Set Up a 2GB Swap on a Remote VPS with a Simple Script
Running a small VPS with limited memory can be frustrating, especially when processes get killed due to low memory. A quick and easy way to help prevent this is by setting up a swap file.
This script will
- Checks if swap already exists on the remote machine.
- If not, it creates a 2GB swap file and enables it.
- Adds the swap file to
/etc/fstab
to make it permanent.
The script uses scp
to copy a temporary script to the remote machine and ssh
to execute it. Here’s the full script:
#!/bin/bash
# Check if machine name is provided
if [ -z "$1" ]; then
echo "Usage: $0 <machine-name>"
exit 1
fi
REMOTE_MACHINE=$1
SWAPFILE=/swapfile
SIZE=2048
# Generate remote script content
REMOTE_SCRIPT=$(cat <<EOF
#!/bin/bash
if swapon --show | grep -q "$SWAPFILE"; then
echo "Swap is already enabled on $SWAPFILE"
exit 0
fi
sudo dd if=/dev/zero of=$SWAPFILE bs=1M count=$SIZE
sudo chmod 600 $SWAPFILE
sudo mkswap $SWAPFILE
sudo swapon $SWAPFILE
if ! grep -q "$SWAPFILE" /etc/fstab; then
echo "$SWAPFILE none swap sw 0 0" | sudo tee -a /etc/fstab
fi
free -h
EOF
)
# Save remote script locally
echo "$REMOTE_SCRIPT" > /tmp/create_swap.sh
# Copy script to remote machine and execute it
scp /tmp/create_swap.sh $REMOTE_MACHINE:/tmp/
ssh $REMOTE_MACHINE "bash /tmp/create_swap.sh"
# Cleanup
ssh $REMOTE_MACHINE "rm /tmp/create_swap.sh"
How It Works
- The script checks if the swap file already exists by running
swapon --show
on the remote machine. - If swap is already enabled, it exits.
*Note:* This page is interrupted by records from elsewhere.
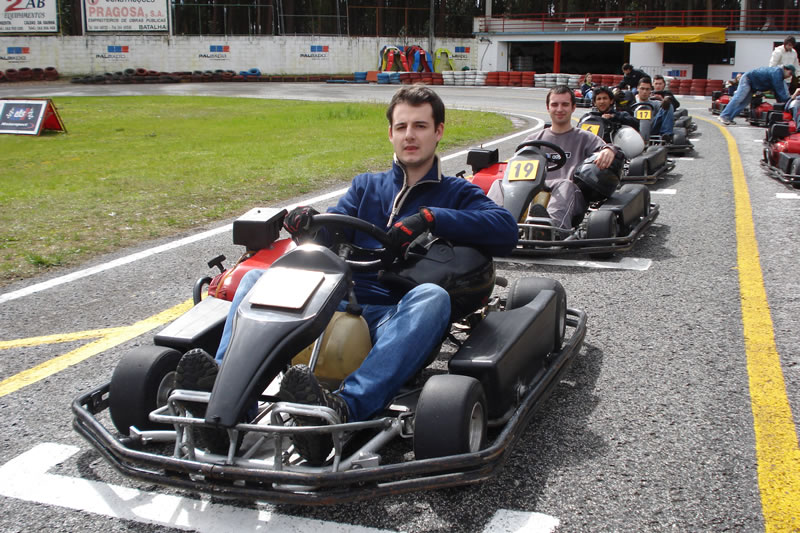 Gran Prix Batalha9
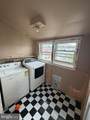 320 Miller Street - Photo 4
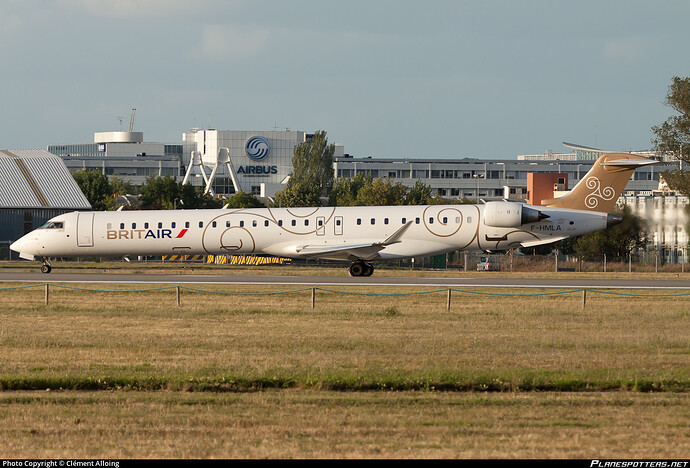 f-hmla-brit-air-bombardier-crj-1000el-cl-600-2e25_PlanespottersNet_201264_c0e47940b1_o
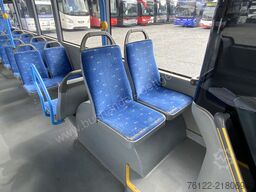 Mercedes-Benz Citaro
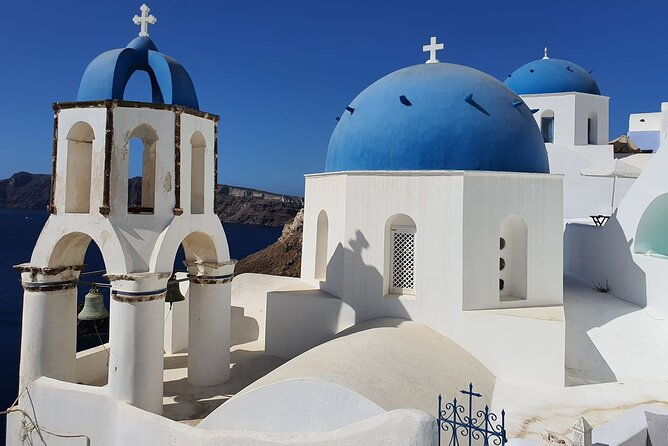 suv-private-shore-excursion-in-santorini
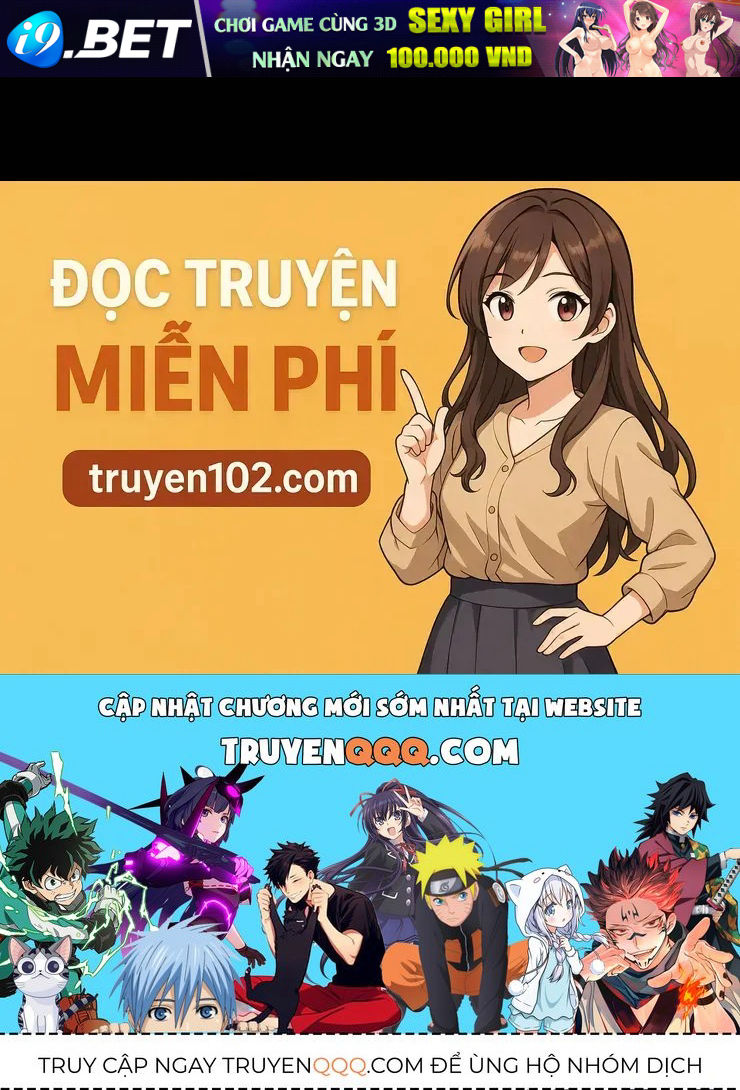 Ma Vương 18+ Chap 28 - Next Chap 29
- Otherwise, it creates a 2GB swap file (
/swapfile
), sets the right permissions, and adds it to/etc/fstab
so it’s automatically enabled after a reboot.
Usage
-
Save the script as
create_swap.sh
and make it executable:chmod +x create_swap.sh
-
Run the script with the remote machine name:
./create_swap.sh <remote-machine>
And that's it! The script takes care of everything for you, ensuring your VPS has a swap file ready to handle memory spikes.